Для меня навсегда незабываемы встречи с Тамарой Григорьевной в ее крохотной комнатке на Сущевском, где стоял секретер красного дерева, на откидной крышке которого мы кое-как раскладывали бумаги, где за стеклом старинного шкафа теснилась обширная библиотека. (Сейчас книги находятся в библиотеке ЦДЛ, переданные туда как дар Тамары Григорьевны по ее завещанию, о чем сообщает табличка, и каждый раз, поднимаясь в библиографический кабинет, я вижу шкаф, табличку и знакомо мерцающие за стеклом книги, которые за двенадцать лет после смерти Тамары Григорьевны не вынул из шкафа, наверное, ни один человек, и на миг вспоминается давнее, что происходило в том смутном пятидесятом году со мной и со всеми вокруг, и скорбь сжимает сердце. Помните у Маршака: «Каких людей я только знал! В них столько страсти было! Но их с поверхности зеркал как будто тряпкой смыло».) И вот, говорю я, встречи в крохотной, загроможденной мебелью комнате, споры о словах, чтение вслух, работа без устали до поздноты, до сладостных ночных вагонов метро… И казалось, что все будут так же желать мне удачи, так же жадно подсказывать, радоваться хорошей фразе. И только так и никак иначе, казалось мне, делается литература.
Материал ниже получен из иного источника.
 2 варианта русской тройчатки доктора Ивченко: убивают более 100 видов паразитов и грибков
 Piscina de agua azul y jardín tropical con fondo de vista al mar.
Сейчас из романа «Студенты», изданиями которого набита целая полка в моем шкафу, я не могу прочесть ни строки. Даже страшновато взять в руки. Были бы силы, время и, главное, желание, я бы переписал эту книгу заново от первой до последней страницы.
Но зачем? Не надо возвращаться к тому, что ушло. Это все равно, что пытаться наяву переделывать нечто, существующее лишь во сне, или же бежать вверх по эскалатору, спускающемуся вниз.